■ **The task**
In your copy, repeat each record exactly and include no pictures.

Short descriptive text snippets:
:::::

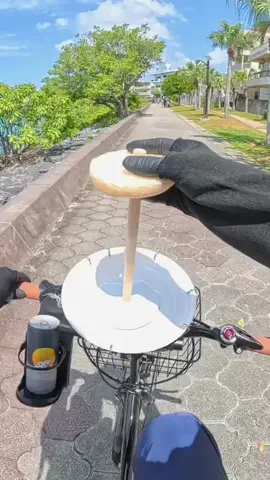 チャリくっく🚴🍳のTikTok投稿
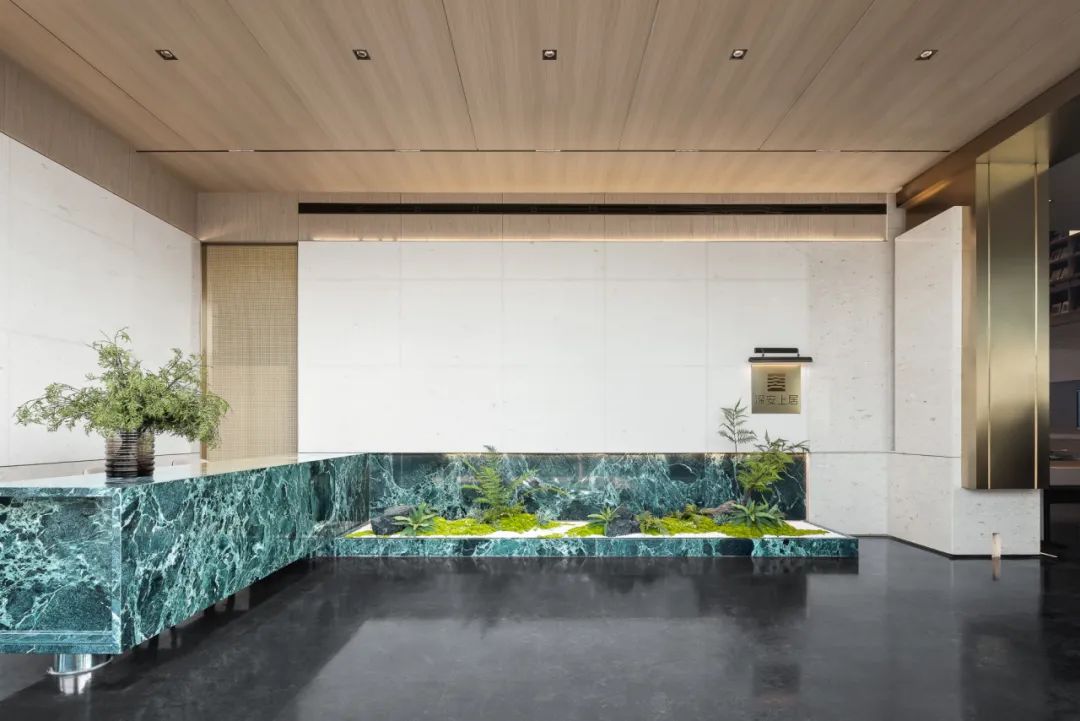 深业·深安上居丨中国上海丨CCA 香榭蒂设计-13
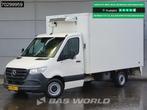 Mercedes Sprinter 314 CDI Automaat Koelwagen Thermo King V-2, Automaat, Stof, Gebruikt, Euro 6
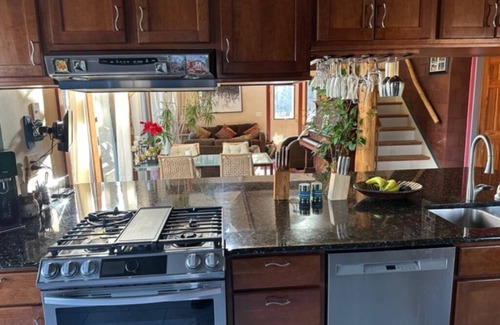 East Patchogue Other | Charming Lakefront 3BR Home, 2 Min from Bellport Village, AC & Garden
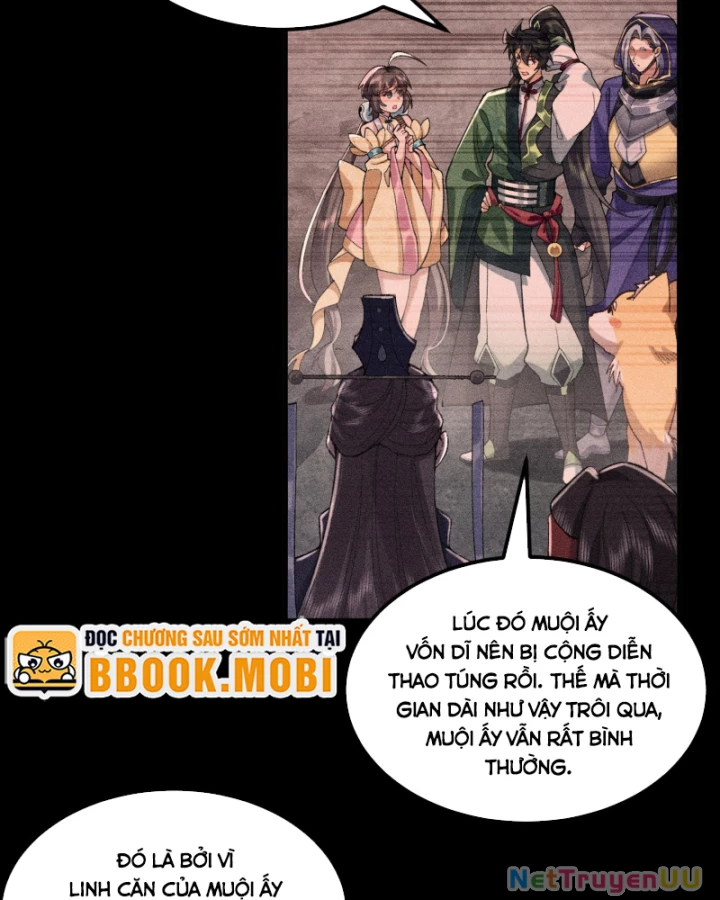 Nhị Sư Huynh Tuy Là Phàm Nhân Nhưng Rất Mạnh Mẽ Chapter 57 - Trang 4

:::::

■ **Task output**
 チャリくっく🚴🍳のTikTok投稿
 深业·深安上居丨中国上海丨CCA 香榭蒂设计-13
 Mercedes Sprinter 314 CDI Automaat Koelwagen Thermo King V-2, Automaat, Stof, Gebruikt, Euro 6
 East Patchogue Other | Charming Lakefront 3BR Home, 2 Min from Bellport Village, AC & Garden
 Nhị Sư Huynh Tuy Là Phàm Nhân Nhưng Rất Mạnh Mẽ Chapter 57 - Trang 4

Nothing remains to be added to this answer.